(Captioned web image data)
-----
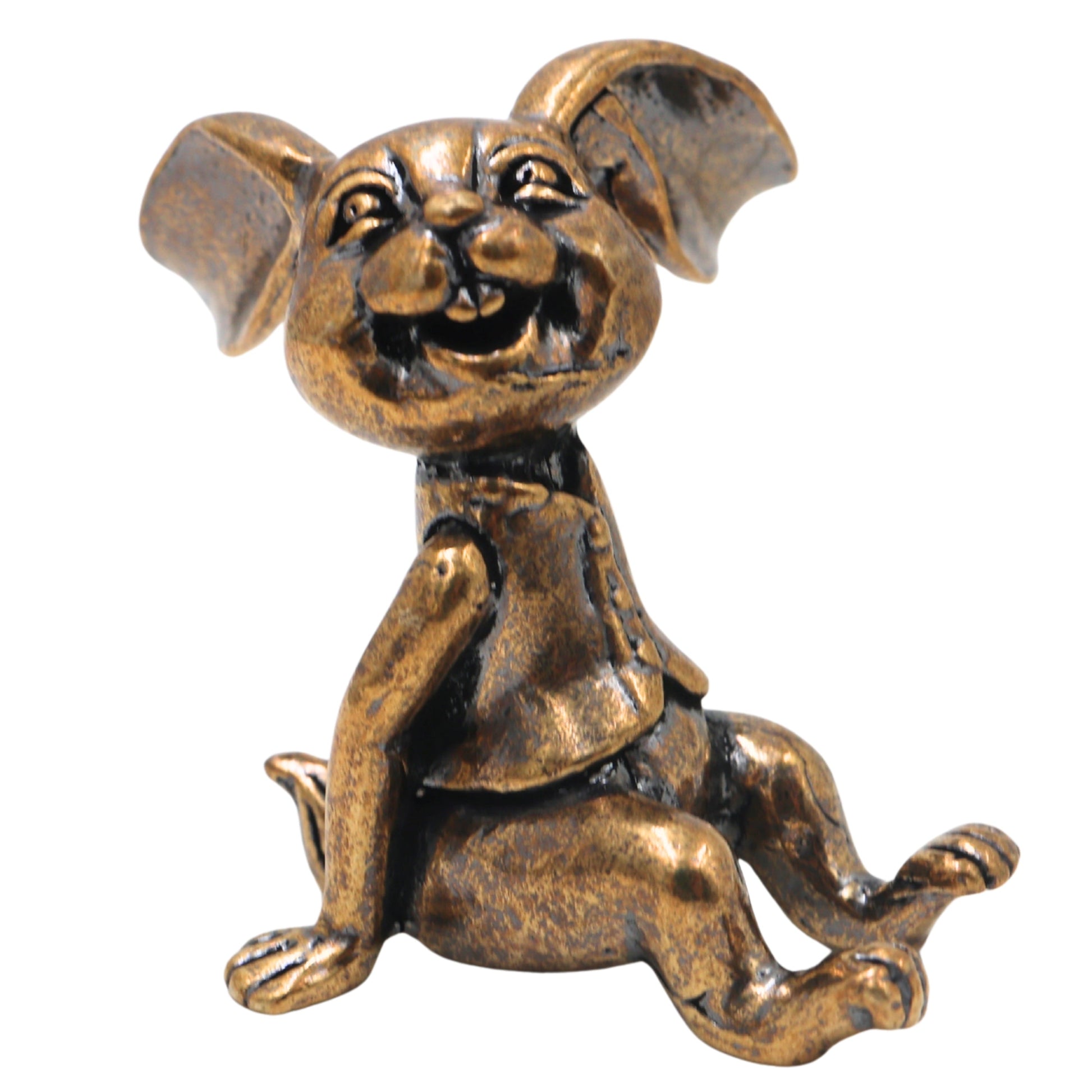 Brass Rabbit Table Decor Handcrafted Traditional Bunny Figurine Lucky Vastu Home Gift Showpiece, Gold, 1.5 Inch, 1 Piece
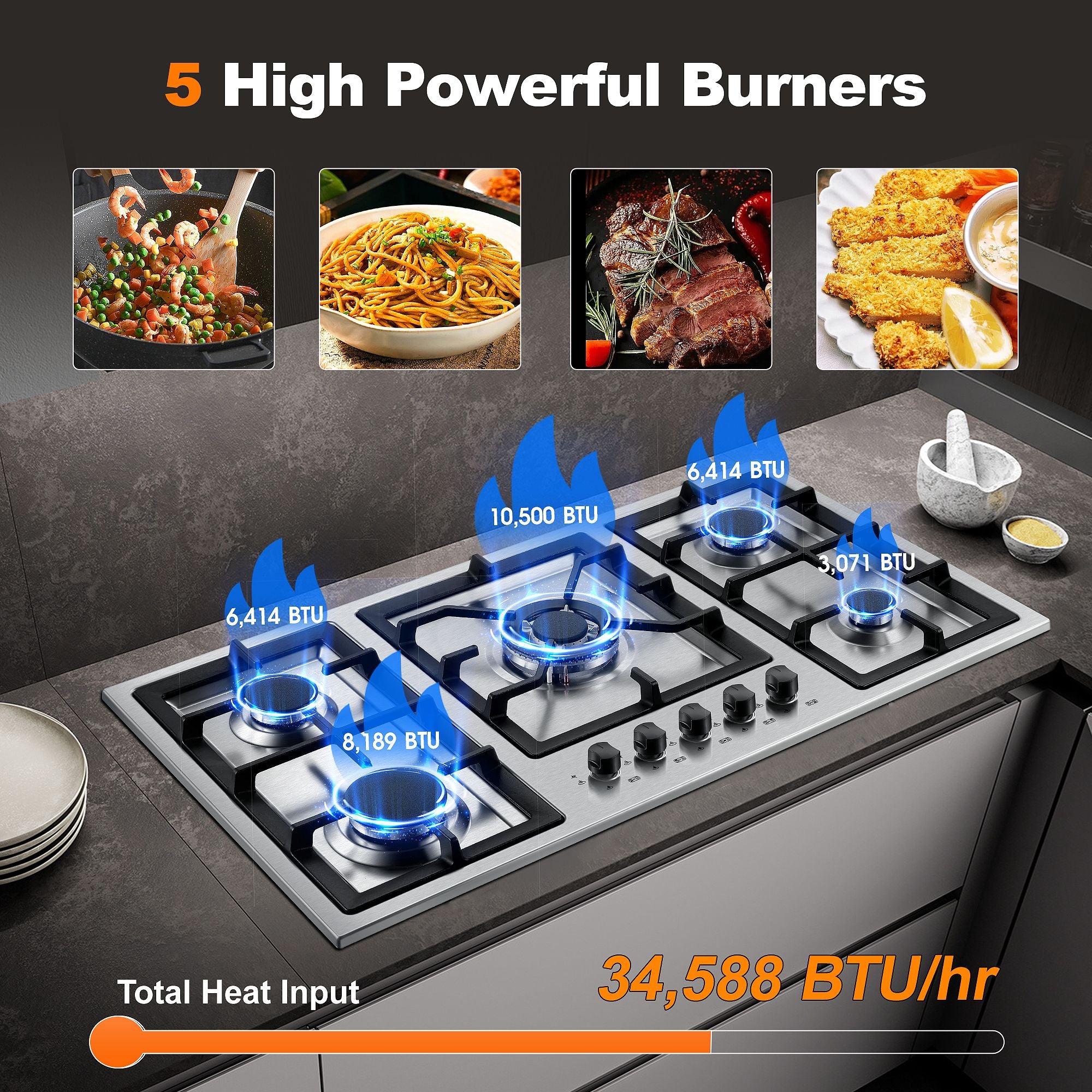 GH002-365S - 36 inch - 5 Burners Gas Stove Top, Built in Stainless Steel 36 Inch Gas Hob with LPG/NG Convertible Propane Cooktop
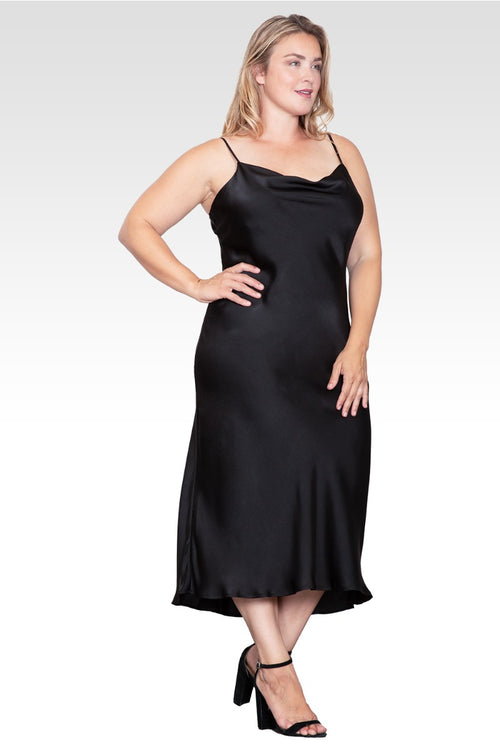 Plus Size Cowl Neck Spaghetti Strap Satin Slip Dress - Black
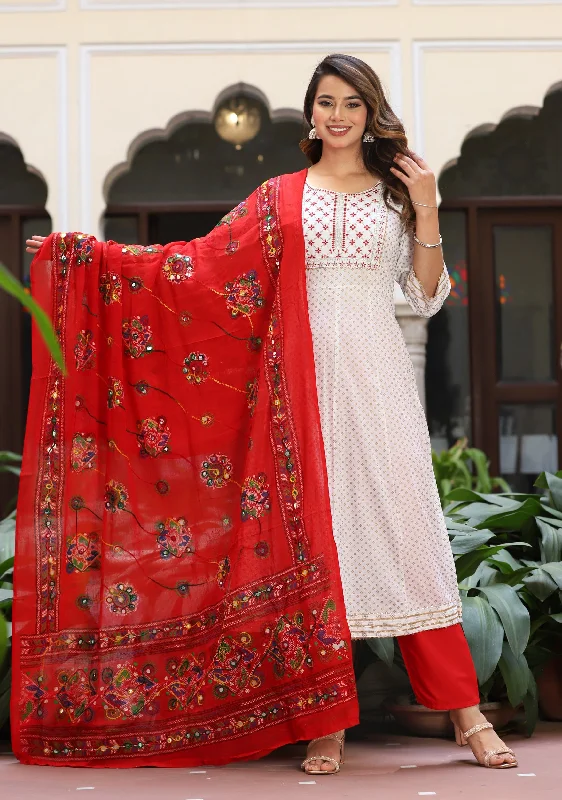 Women's Anarkali Rayon Printed Embroidered Kurta With Pants And Dupatta  - Singni High-Waist Jogger Pants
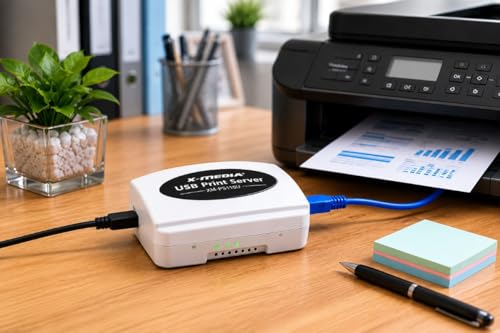 X-MEDIA XM-PS110U 1-Port 10/100Mbps Fast Ethernet USB Print Server | USB 2.0 Port Network Print Server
-----
_Task to carry out:_ The required output is the exact run of lines from the start of the records through the line containing "Women's Anarkali Rayon", both ends included, with no pictures.

_Task result:_
 Brass Rabbit Table Decor Handcrafted Traditional Bunny Figurine Lucky Vastu Home Gift Showpiece, Gold, 1.5 Inch, 1 Piece
 GH002-365S - 36 inch - 5 Burners Gas Stove Top, Built in Stainless Steel 36 Inch Gas Hob with LPG/NG Convertible Propane Cooktop
 Plus Size Cowl Neck Spaghetti Strap Satin Slip Dress - Black
 Women's Anarkali Rayon Printed Embroidered Kurta With Pants And Dupatta  - Singni High-Waist Jogger Pants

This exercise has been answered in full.